'''

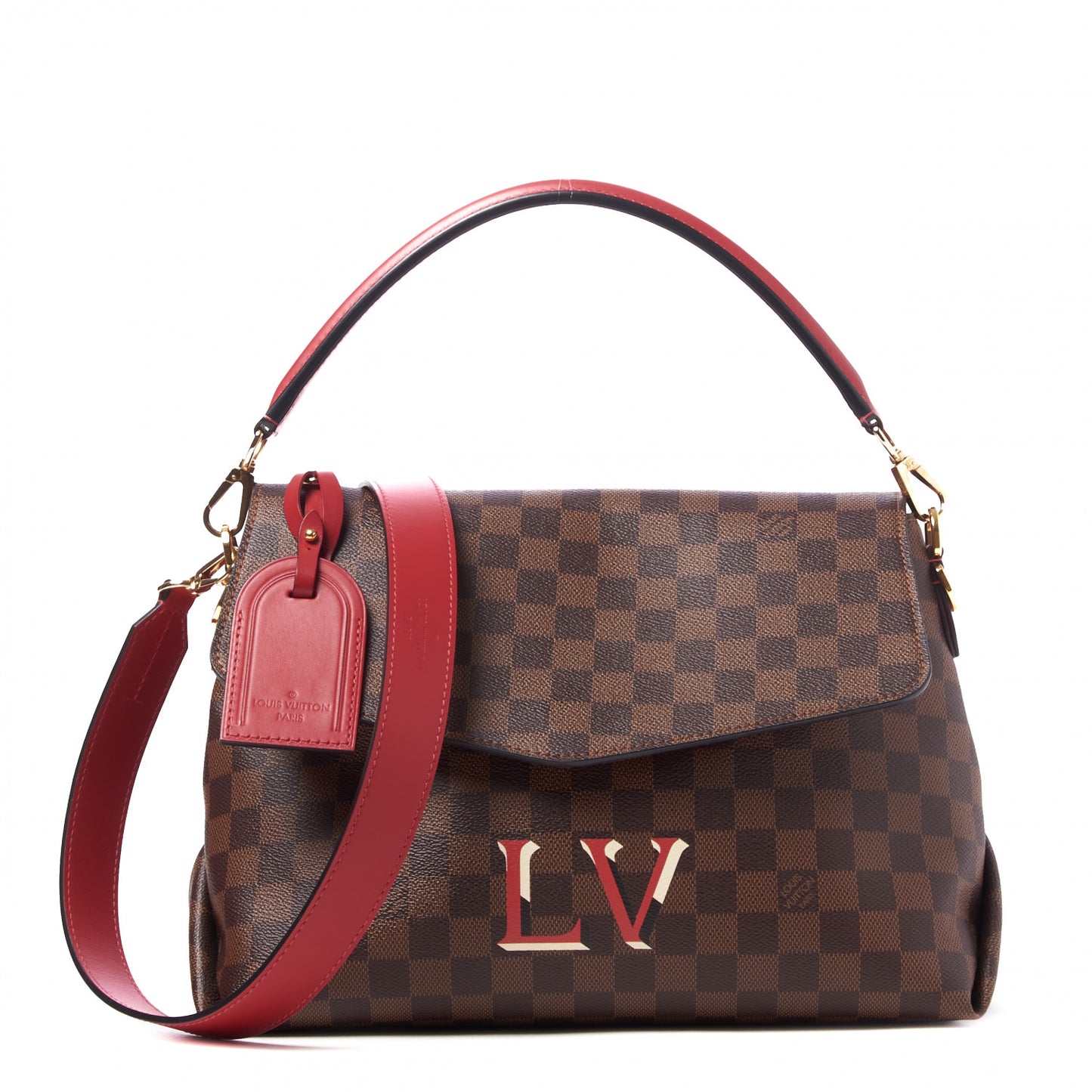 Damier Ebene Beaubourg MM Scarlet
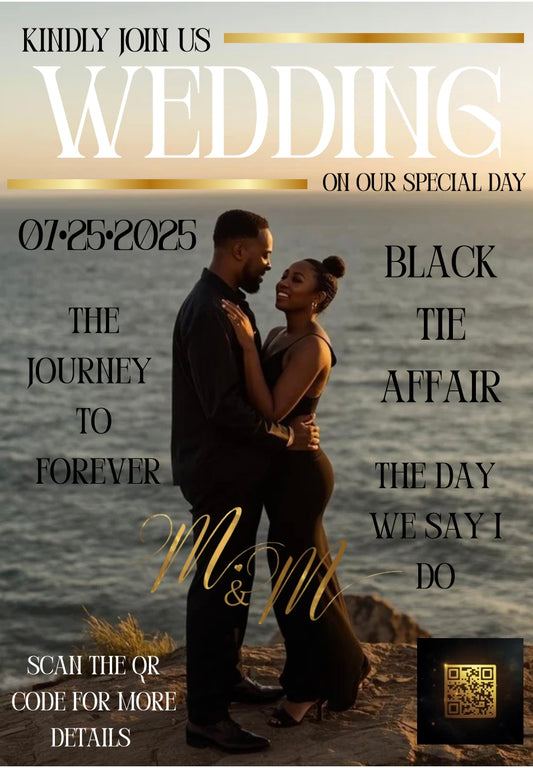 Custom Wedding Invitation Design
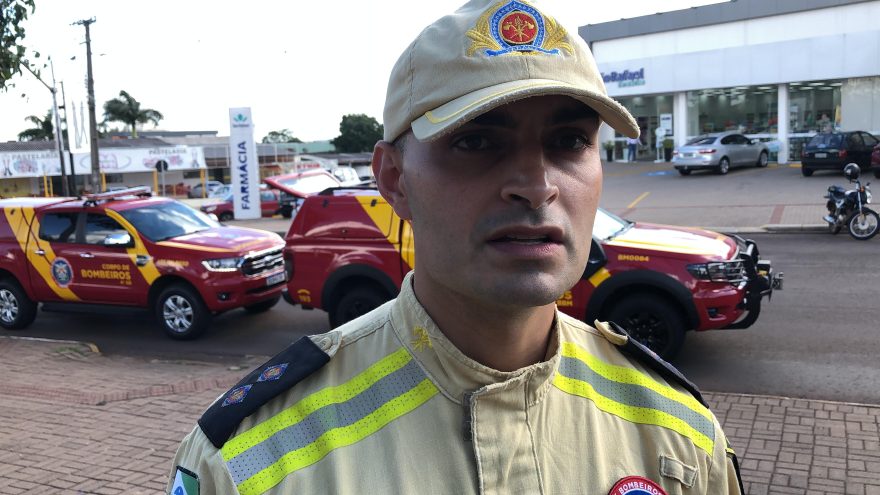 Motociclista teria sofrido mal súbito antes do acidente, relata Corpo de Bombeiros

'''
'''

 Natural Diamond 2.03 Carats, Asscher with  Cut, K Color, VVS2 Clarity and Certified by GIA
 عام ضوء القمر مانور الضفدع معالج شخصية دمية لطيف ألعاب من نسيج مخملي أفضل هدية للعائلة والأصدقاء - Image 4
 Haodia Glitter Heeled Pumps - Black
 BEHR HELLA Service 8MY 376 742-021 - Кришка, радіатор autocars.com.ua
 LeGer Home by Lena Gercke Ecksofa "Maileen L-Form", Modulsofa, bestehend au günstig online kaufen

'''

Would you please repeat exactly the lines above, starting at the line with "BEHR HELLA Service" and stopping at the line with "LeGer Home by", both included?

 BEHR HELLA Service 8MY 376 742-021 - Кришка, радіатор autocars.com.ua
 LeGer Home by Lena Gercke Ecksofa "Maileen L-Form", Modulsofa, bestehend au günstig online kaufen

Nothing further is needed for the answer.